What are we looking for?
Shell is looking to upgrade its current manually operated valves. This means we are looking for a component that can be placed onto the valve, which can be operated remotely. The solution should consist of two parts: (a) the component for each valve and (b) a central system that can operate all components remotely.
(a) The component must meet the following requirements:
- The current valve is not replaced but upgraded with a component. The component should be installable without having to open up the pipe.
- The valve must also remain manually operable.
- The component should be remotely controllable.
- The component must be operable wirelessly from a central control point.
- The component must be able to open and close the valve within 10 minutes.
- The component must be reusable in case a valve needs to be replaced.
- The component should be usable for a range of sizes, so that a new type does not have to be developed for each size. Most valves fall in the range of ¾ inch and 10 inches. We need a component that covers as much of this range as possible.
- The component should not be too expensive so that scaling up is realistic. Depending on the size of the valve, the component may cost between EUR 5k and EUR 10k, including the connection to the central system.
- A pilot with the component may be limited to two cases: V601 pumping with a single handwheel valve and MEG tanks pumping, with multiple valves using a lever that should be operable simultaneously.
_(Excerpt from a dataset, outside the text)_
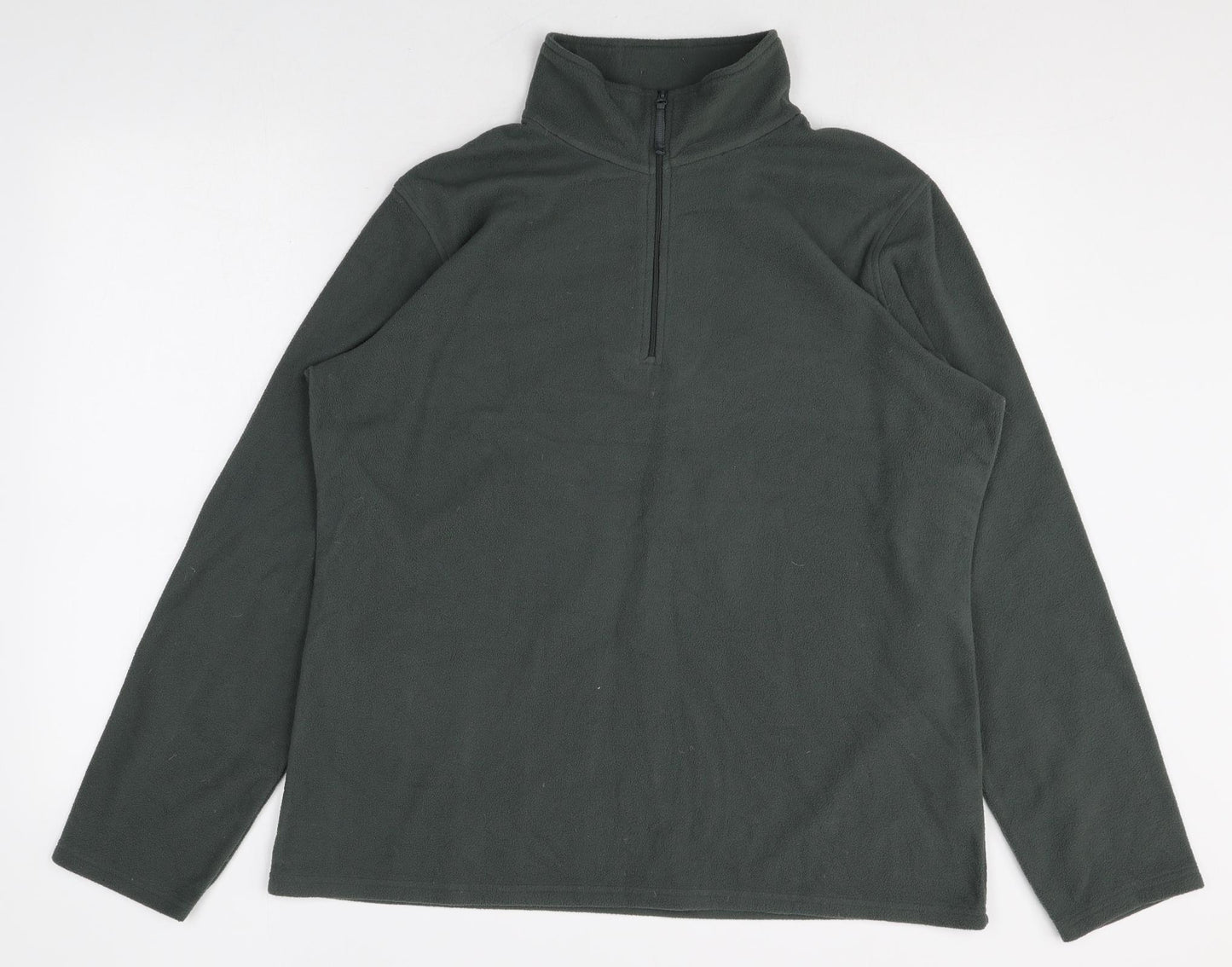 Mountain Warehouse Mens Green Polyester Pullover Sweatshirt Size XL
(b) The central system must meet the following requirements:
- The system must include a control panel placed at one central location and an infrastructure.
- From the control panel, all components must be controllable wirelessly.
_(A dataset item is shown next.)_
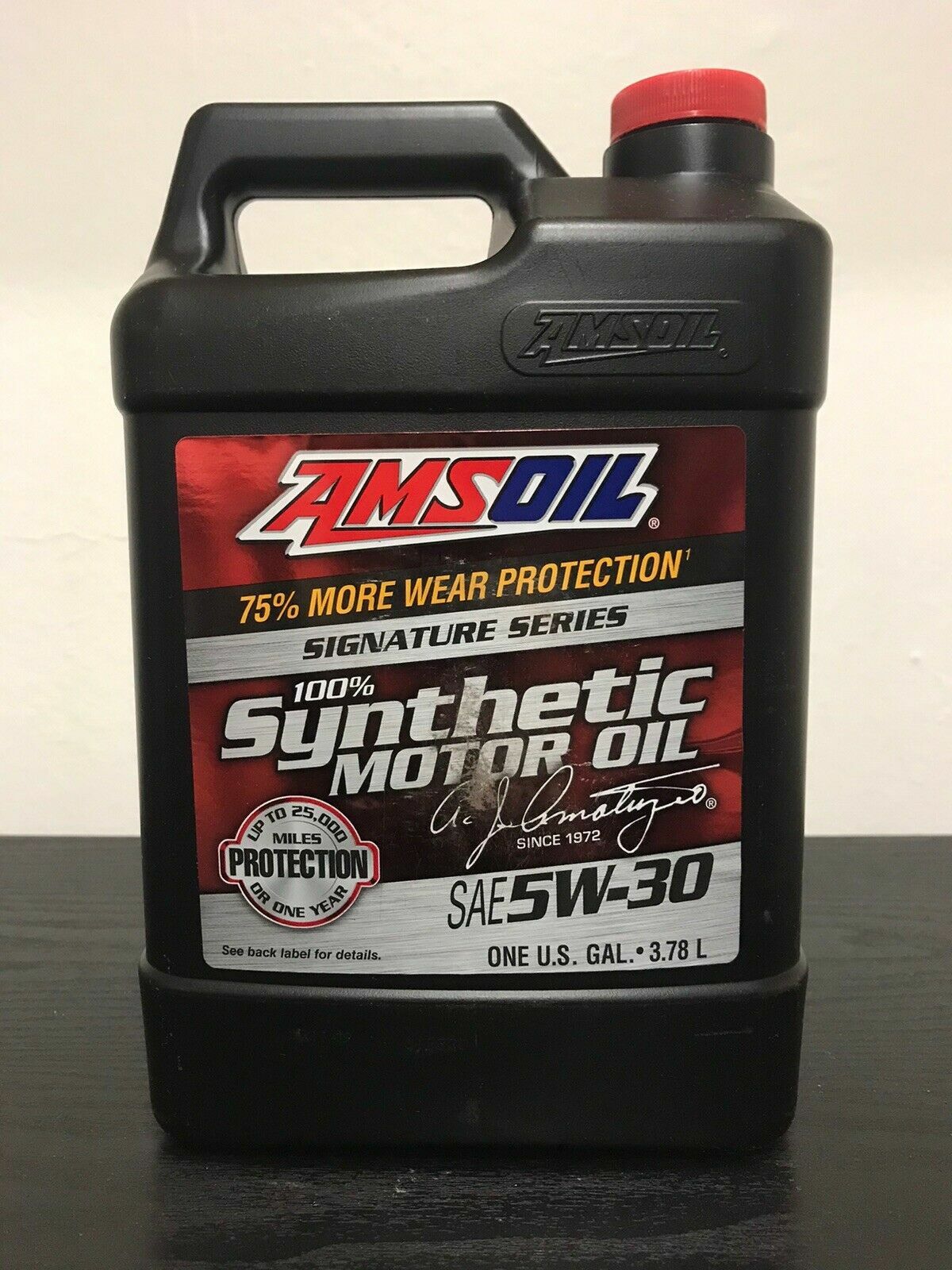 Amsoil Signature Series 5W-30 Synthetic Motor Oil (1 Gallon) 25K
- From the control panel, all components must be controllable simultaneously as well as individually.
The system must be able to potentially be integrated into Shell’s current control system, but for the pilot this is not yet necessary.
What are we not looking for?
Shell is not looking for a component:
- that replaces the current valves. It must be an upgrade from the current manual valves, and the components must be able to be installed without a full maintenance shutdown. This means that automatic flap valves, which require opening up pipes for installation, are ruled out.
- such as a robotic arm. While a robotic solution is not ruled out, a robotic arm for each valve is probably too costly.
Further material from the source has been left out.